Assignment:
Nothing but the lines from the one showing "Win a Burnt" through the final line of the data below belongs in the answer, duplicated exactly and without pictures.

═══ Data to examine ═══

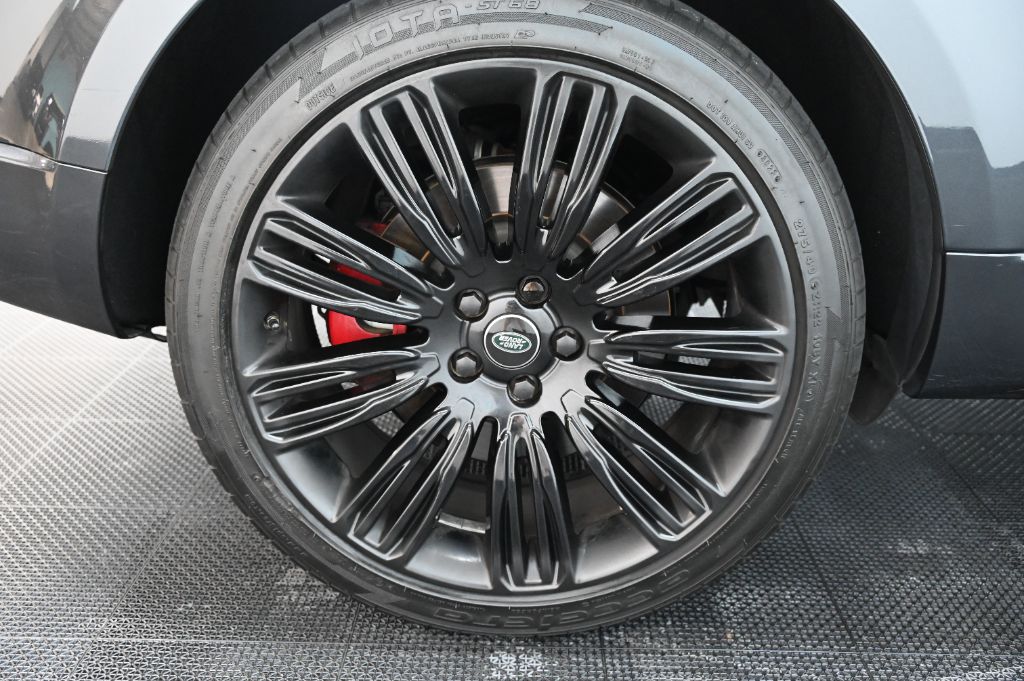 2019 Land Rover Range Rover Sport - $33,988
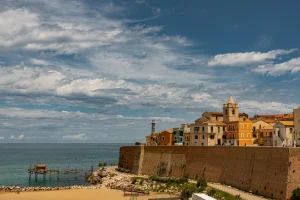 Termoli, la perla del Molise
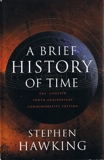 A Brief History of Time - BCA - 01/01/1998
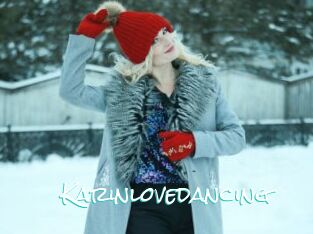 Karinlovedancing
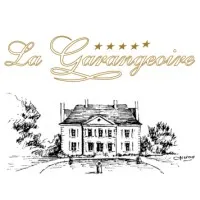 CAMPING DE LA GARANGEOIRE logo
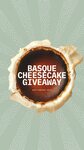Win a Burnt Basque Cheesecake Worth up to $62 from Betterburnt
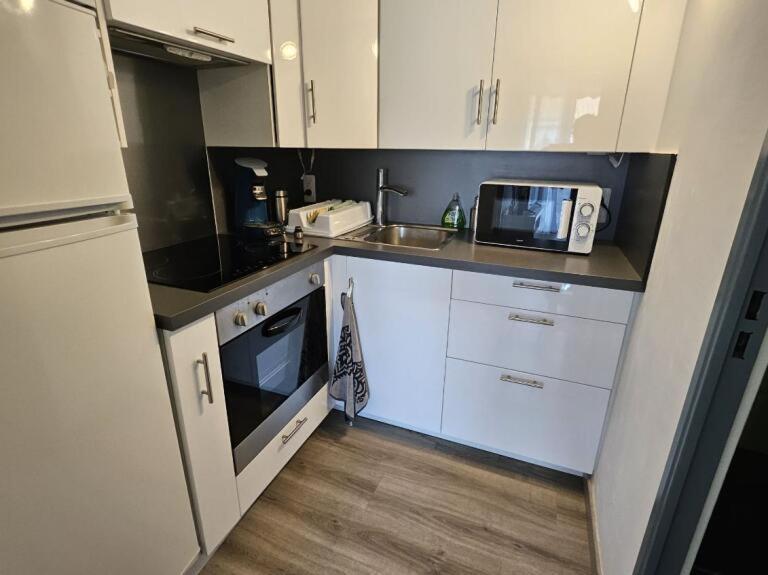 Naturiste Eden Appartement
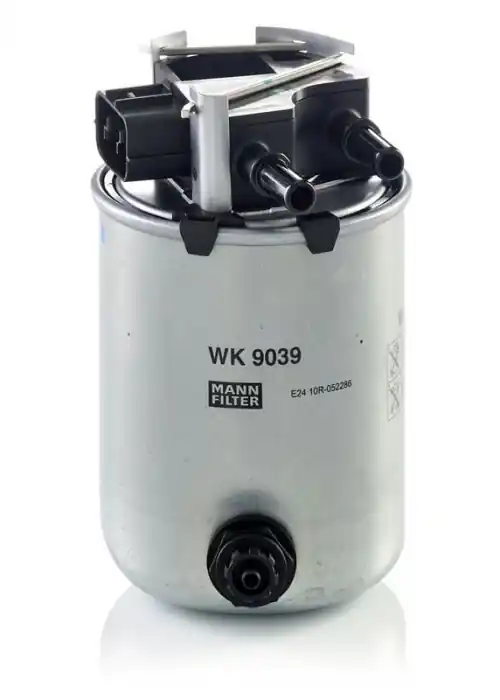 Sleva Palivový filtr MANN WK9039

═══

Exercise answer:
Win a Burnt Basque Cheesecake Worth up to $62 from Betterburnt
 Naturiste Eden Appartement
 Sleva Palivový filtr MANN WK9039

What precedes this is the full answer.